| PROBLEM DETAILS |
Every line from the one containing "Plouneour-Trez House |" through the end of the listing below goes in the output, exactly and without pictures.

| SOURCE RECORDS |
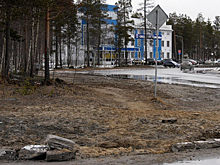 Жители Ноябрьска жалуются на отсутствие тротуара. ВИДЕО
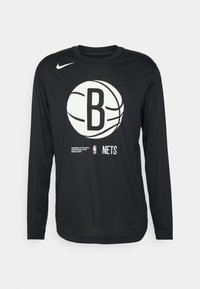 Schwarz langärmliges Shirt aus leichtem Material, mit großem weißem Brooklyn Nets Logo und Schriftzug auf der Vorderseite. Nike-Logo oben.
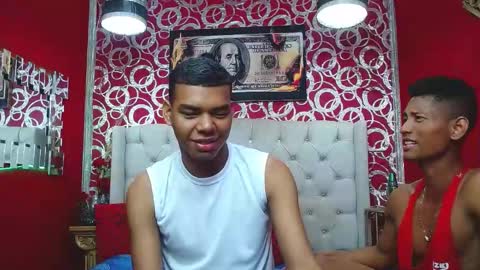 duohot23 online show from February 19, 7:16 pm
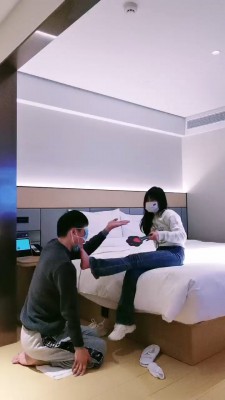 【乖乖】小白鞋白棉袜辱废物 bf23210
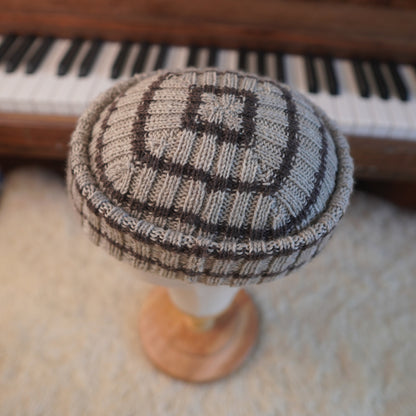 The Southlander Reknit – handgestricktes Wollmützen-Unikat in Hellbeige meliert und Nussbraun (RHF01-RK34)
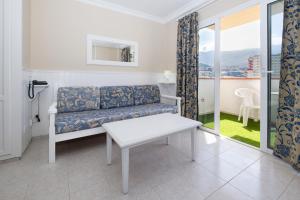 A bathroom at Apartamentos Teneguia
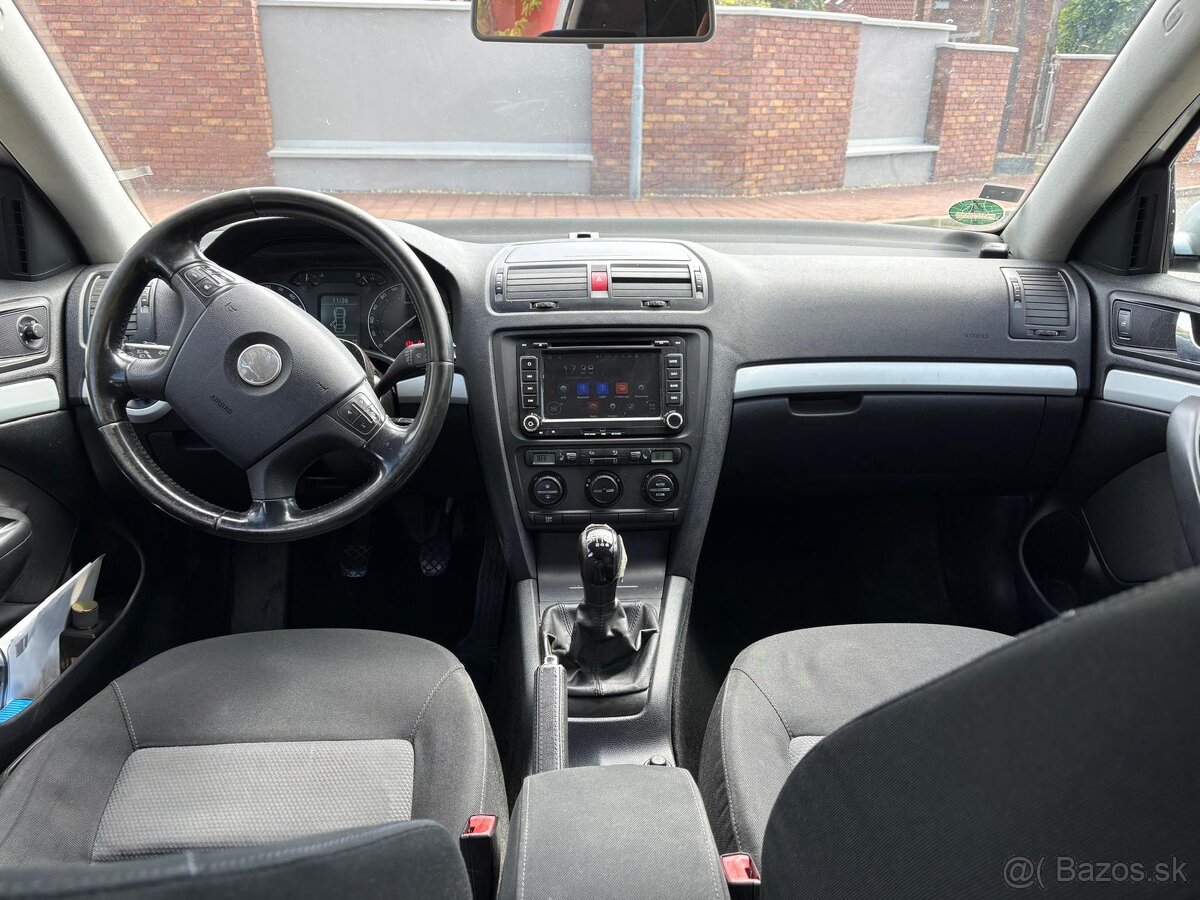 Škoda Octavia 2008 - 8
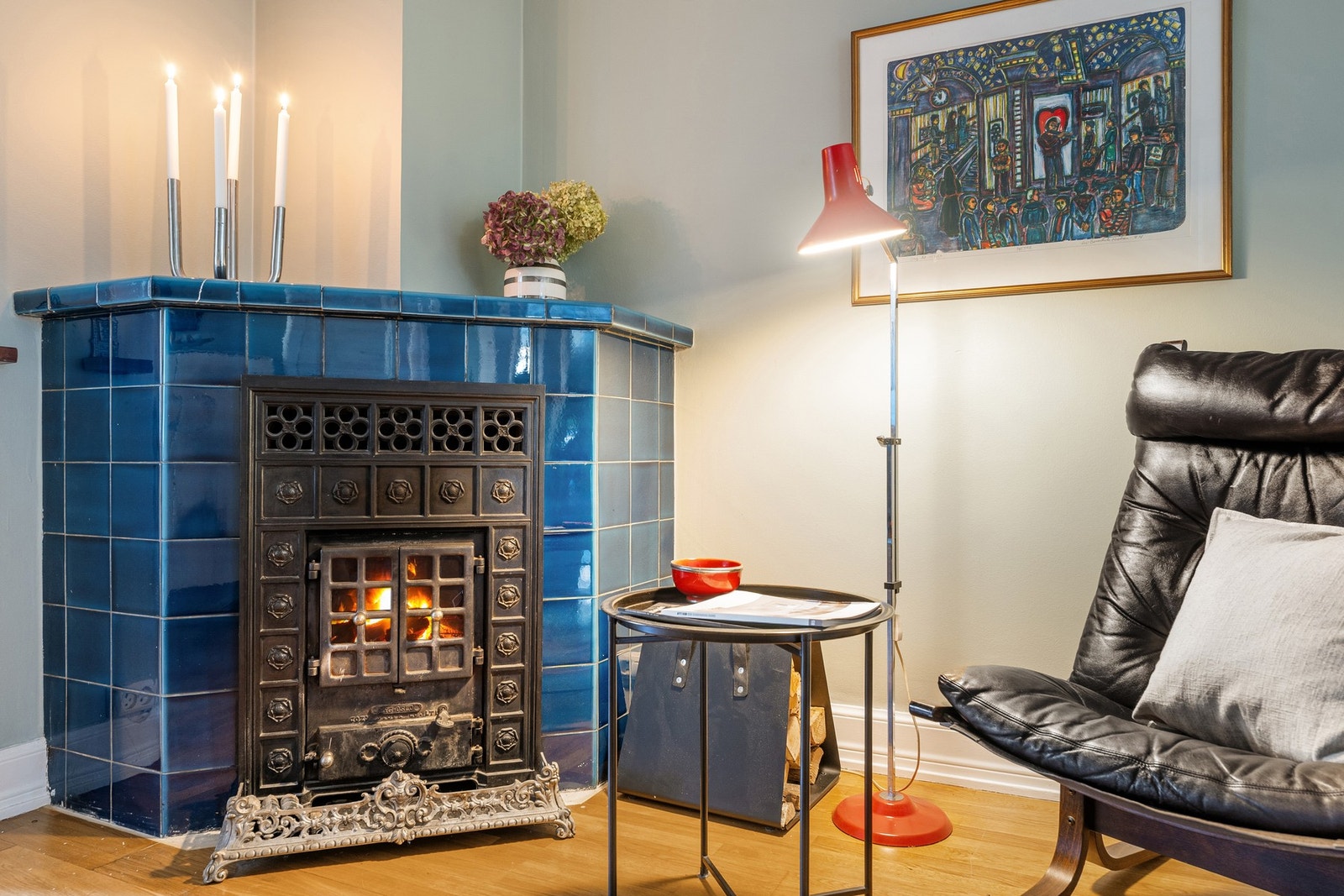 Original vedkamin som varmer på kalde kvelder- og stemningsfullt å høre knitringen i bakgrunn når man koser deg med en bok Galleribilde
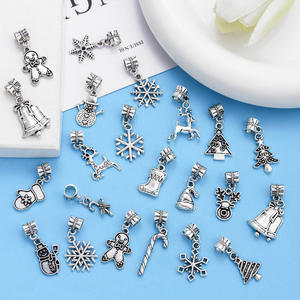 20 Styles Mixtes Argent Antique Noël Série Imitation Père Noël Flocon de Neige Bonhomme de Neige Pendentif DIY Bracelet Bijoux Accessoires - Product Image 4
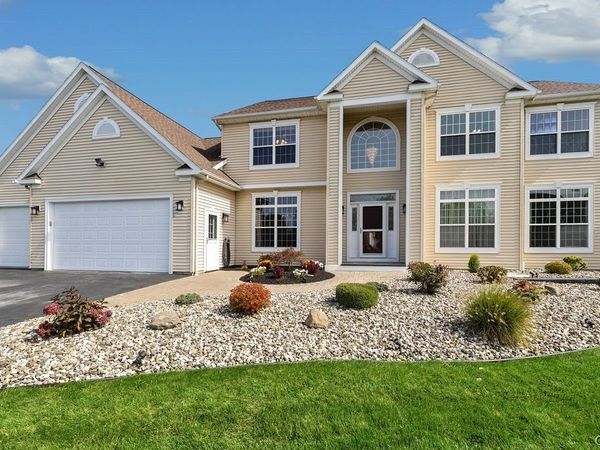 6245 Addison Loomis, Cicero, NY 13039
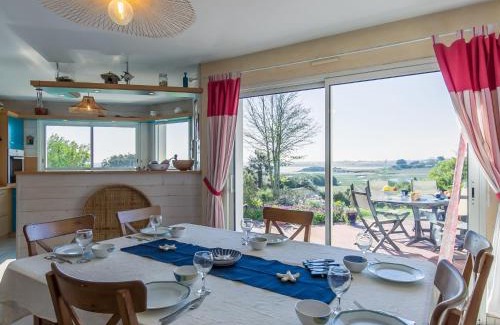Plouneour-Trez House | Holiday Home Villa Panorama Mer by Interhome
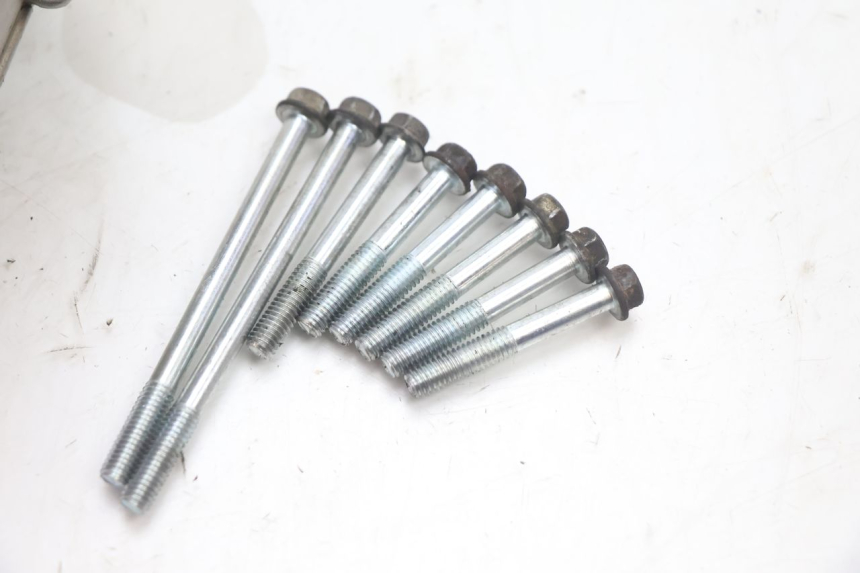 photo de TAPA DE EMBRAGUE APOLLO RFZ 140 - Estado de la superficie y material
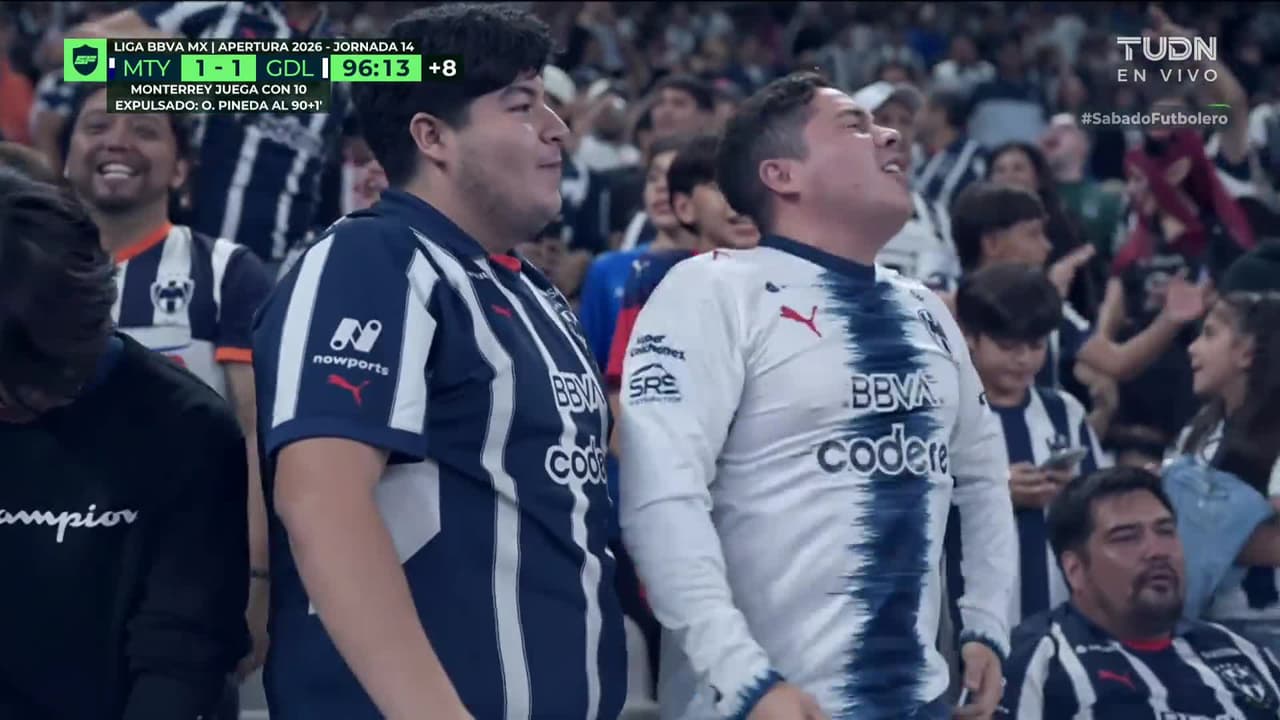 ¡GOL!  anota para Monterrey. Diego Rossi
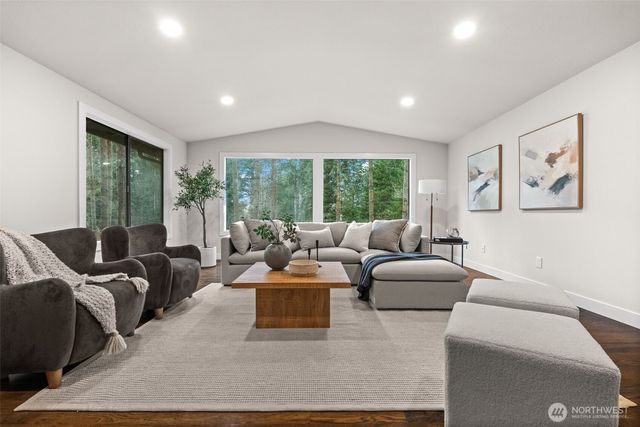 7408 Rosedale Street NW, Gig Harbor, WA 98335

| WRITTEN RESPONSE |
Plouneour-Trez House | Holiday Home Villa Panorama Mer by Interhome
 photo de TAPA DE EMBRAGUE APOLLO RFZ 140 - Estado de la superficie y material
 ¡GOL!  anota para Monterrey. Diego Rossi
 7408 Rosedale Street NW, Gig Harbor, WA 98335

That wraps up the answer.